But this is the age of the Internet and social media; the news will out. And the stories that piqued my interest over the last few days are the curious cases of the new enemies of the state. Brittany Pettibone, Martin Sellner and Lauren Southern are a very far cry from Abu Hamza and Anjem Choudary and a host of others who have openly called for mass insurrection, praised public beheadings, demanded the imposition of sharia and salivated at the prospect of enslaving the kuffar to the fictitious will of a non-existent and insatiably murderous deity.

What have they done, these viciously white, attractive, young, articulate, earnest, concerned monsters? Why, they have expressed views which suggest they think it doesn’t have to be this way. They have challenged our establishment’s ready submission to islam and they have dared to suggest that white, Christian heritage is worthy of preservation. Off with their heads!
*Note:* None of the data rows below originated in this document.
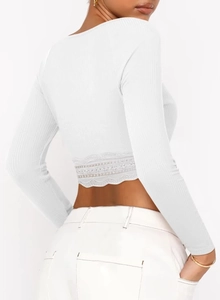 Détail du crop top blanc à manches longues avec bordure en dentelle et maille côtelée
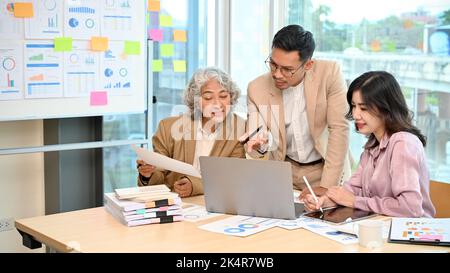 Homme d'affaires ou chef d'équipe asiatique élégant et séduisant regardant l'écran d'un ordinateur portable, brainstorming et analyse du plan financier avec son équipe lors de la réunion. Banque D'Images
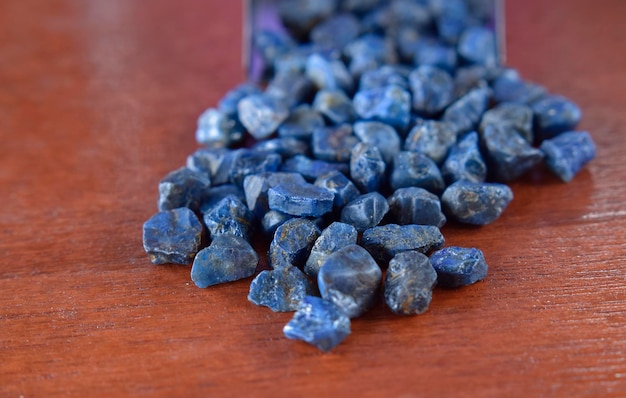 Lapis Is a beautiful natural gemstone on a wooden floor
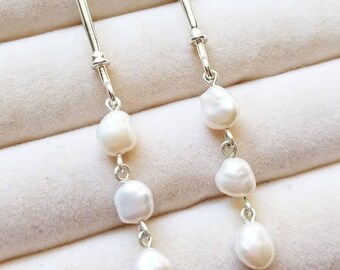 Baroque pearl drop amulet earrings in sterling silver. Baroque freshwater pearl drop earrings. Baroque pearl statement earrings.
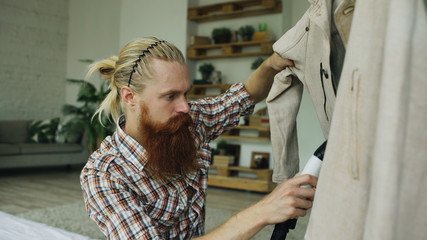 Bearded man steaming his jacket in bedroom at home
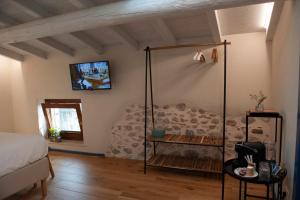 a bedroom with a shower in the corner of a room at Sun Garda in Ponti Sul Mincio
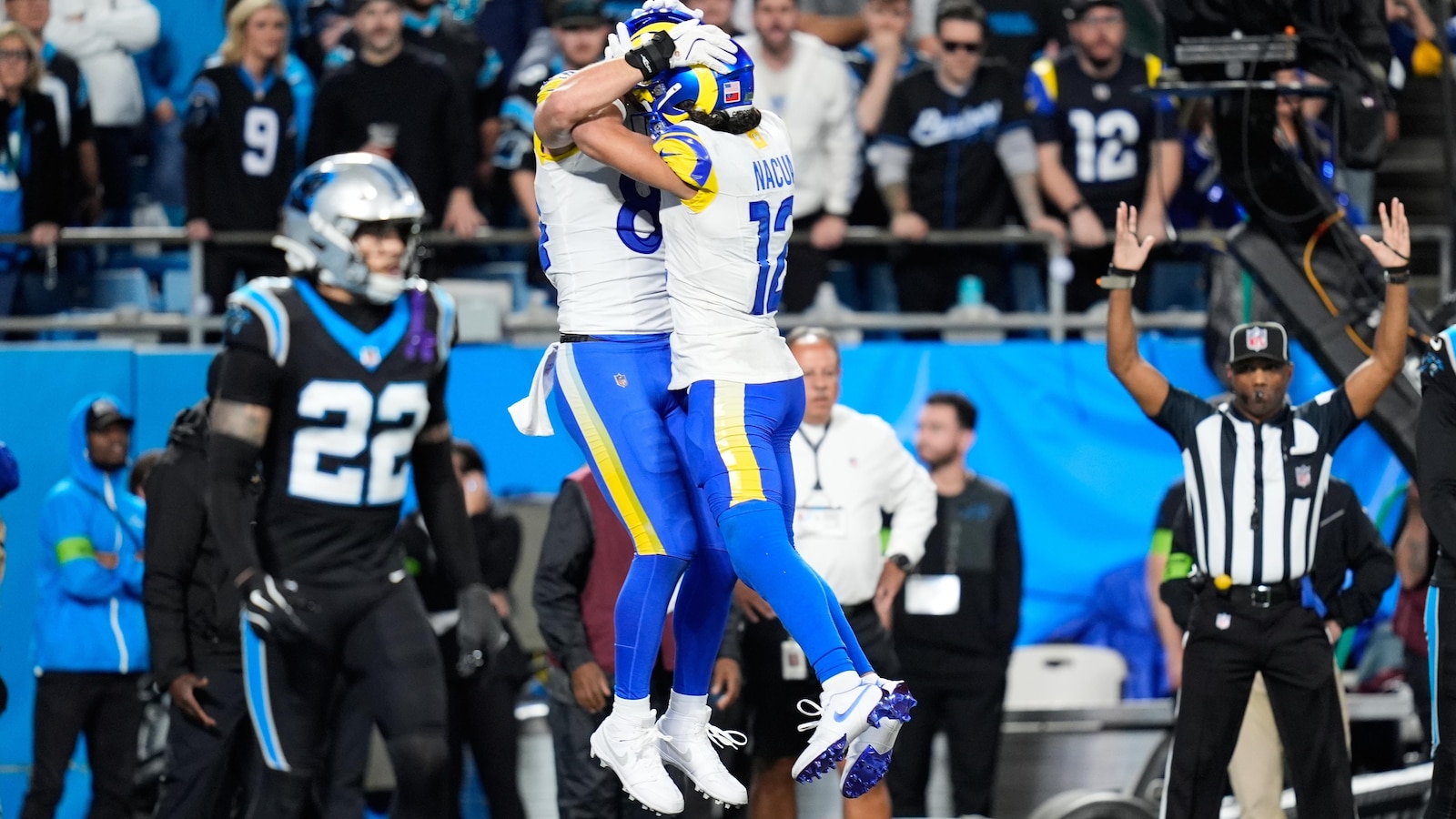 Stafford's late TD pass to Parkinson lifts the Rams past the Panthers 34-31 in the wild-card round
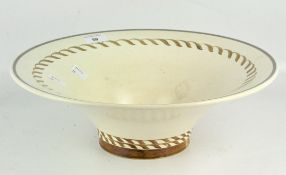 A Keith Murray Wedgwood bowl, in cream glaze with brown painted decoration,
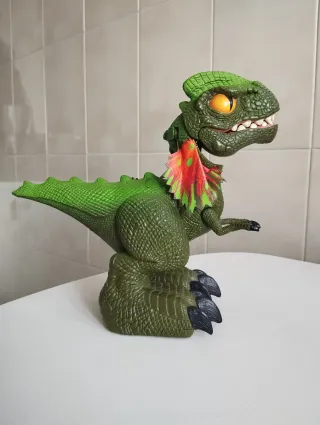Juguete Dinosaurio Verde  se articula hace sonidos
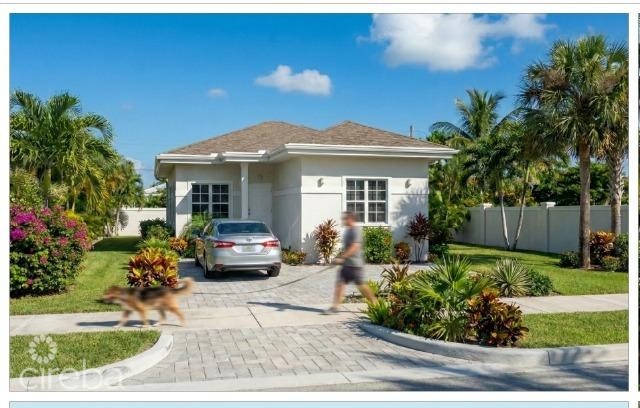 WEST BAY RESIDENTIAL LOT WITH APPROVED 3 BED/2 BATH PLANS AND BUILDING PERMIT.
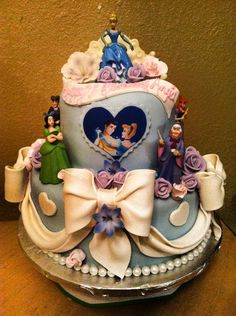 this is a cake with princess figurines on the top and decorations around it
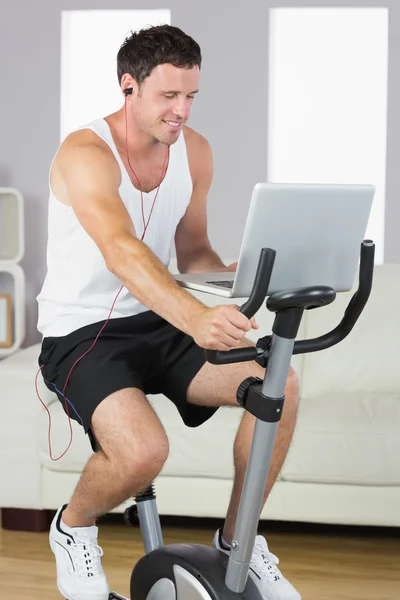 Homem desportivo com fones de ouvido exercitando-se na bicicleta olhando para laptop — Fotografia de Stock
All three have been denied entry to Britain on spurious ‘hate’ grounds. Hate, of course – much like racism and xenophobia – no longer means what you think it means. I don’t have hate in my psyche; I have no need for it. The closest I come to hate, generally, is mild disappointment. But if I did succumb to hate I imagine it to be an all-consuming emotion, rendering me blind to reason and expressing itself in bulging veins, glaring eyes and a snarling insistence that my detractors should suffer for holding the views they do. It sounds exhausting, frankly.

Hate is what activists like Antifa display; hate is the tool of those vocal minorities who seek to bend society to their will. We see hate on the streets every week in the UK as the manipulated masses of extremist ideology parade their loathing. Momentum, Tell Mama, many of the current Labour shadow cabinet and the ironically named Hope-not-Hate all have hate as their stock in trade. Whip up animosity, rustle up a lynch mob and claim to denounce that which is your primary recruiting tool and bingo; uprise and pantomime in one handy press package.
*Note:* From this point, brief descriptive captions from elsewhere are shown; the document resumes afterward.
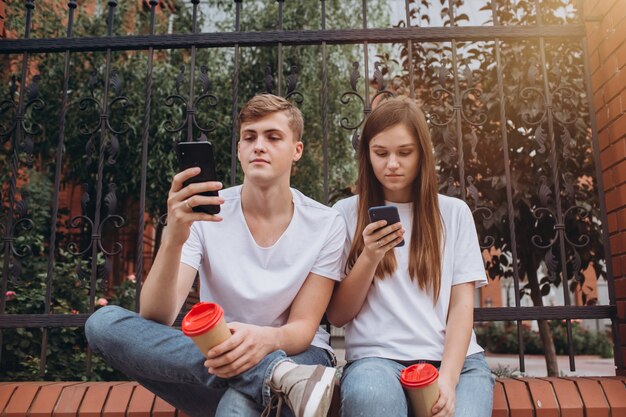 Ein junges Paar trinkt Kaffee aus Pappbechern und schaut auf Smartphones.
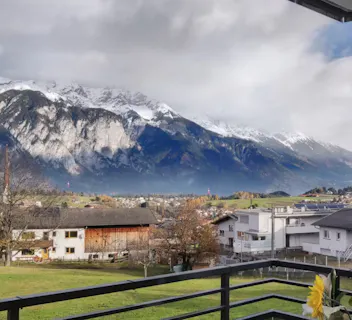 Mountain-view balcony offering tranquility, perfect for retirees seeking outdoor escapes, hiking opportunities, and stress-free travel with Kindred home swaps.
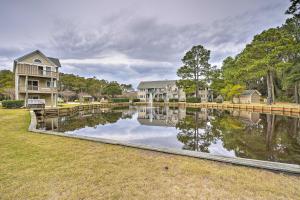 a house with a dock next to a body of water at Coastal Home with Community Pool Less Than 2 Miles to Beach! in Corolla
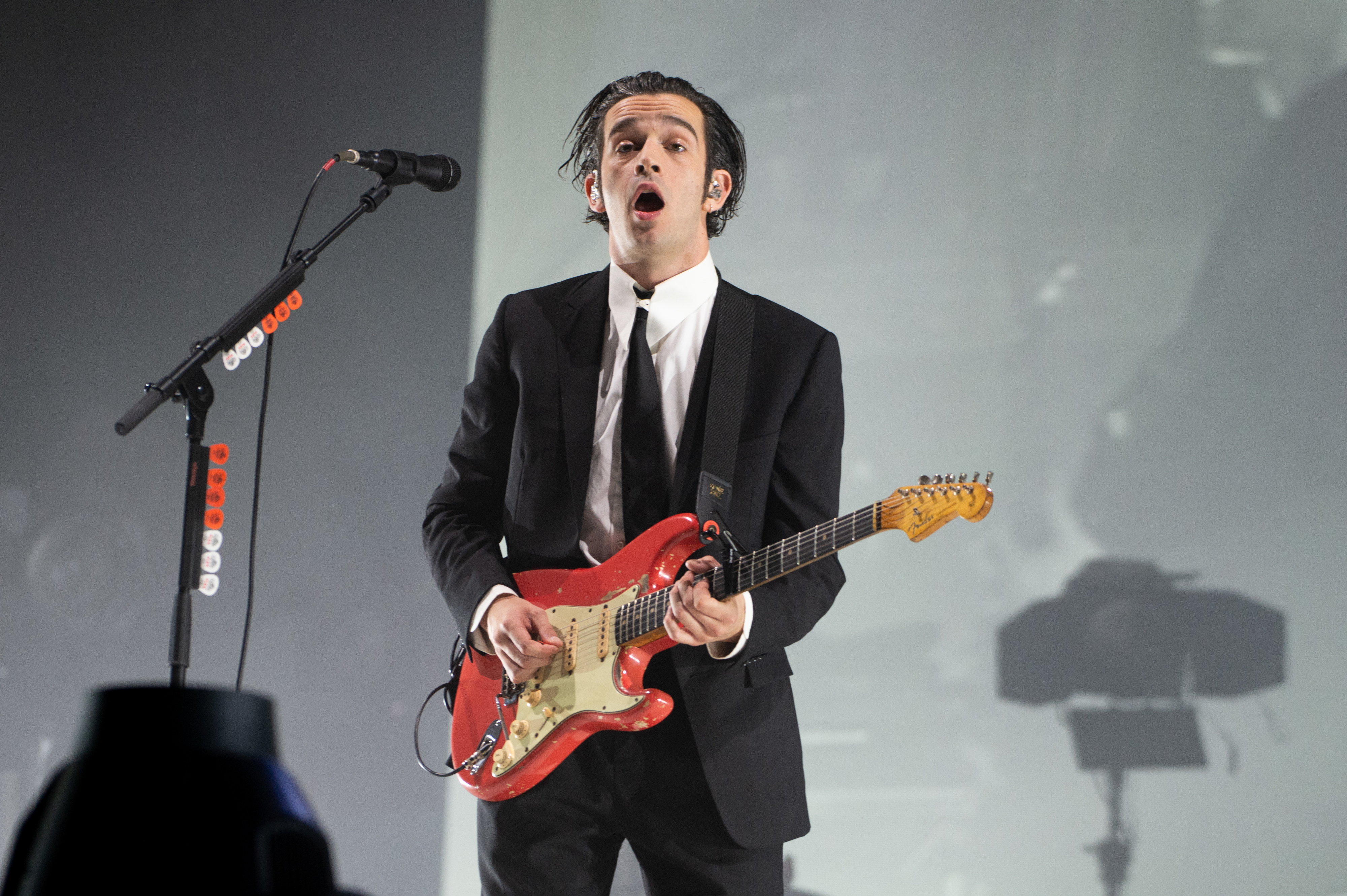 Matty Healy with a guitar wearing a suit and tie performing on stage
I’m not suggesting for one minute that there are not those on the right with hatred in their hearts, but I’m pretty sure Brittany, Martin and Lauren are better than that. They don’t parade around shrieking, bellowing and drowning out others. And those few who do try and mount demonstrations are quickly set upon by a mob of masked ‘anti-fascists’ with brickbats and apparent police collusion. The anti-hate mob really does hate anybody who dares to stray from their orthodoxy; hate is a pretty immature thing to harbour.

Nothing to declare...

Of course, no action is too petty to weaponise, so the objection by we moderate, right-thinking citizens to the exclusion of people like us from entry to the UK has been met by howls of derision. Hypocrisy, they cry, for us to complain about the border force exercising control over who enters our kingdom, when it is a thing we have been demanding for years. Except that is not what we are objecting to – many hundreds of known jihadis have been allowed to quietly return and have even, allegedly, been offered welfare bribes to reform.

Using the Terrorism Act to exclude friends is just another assault on the freedoms the left demand from themselves but would deny to others. If there is hypocrisy here – and I am under no illusion that we are all inclined to it -  I’m pretty certain the balance lies with those who allow their own hatred to blind themselves to the honest motives of others. Russia? Perhaps we should do more to put our own house in order.

4 comments:

  1. Perdition beckons we foolish meek.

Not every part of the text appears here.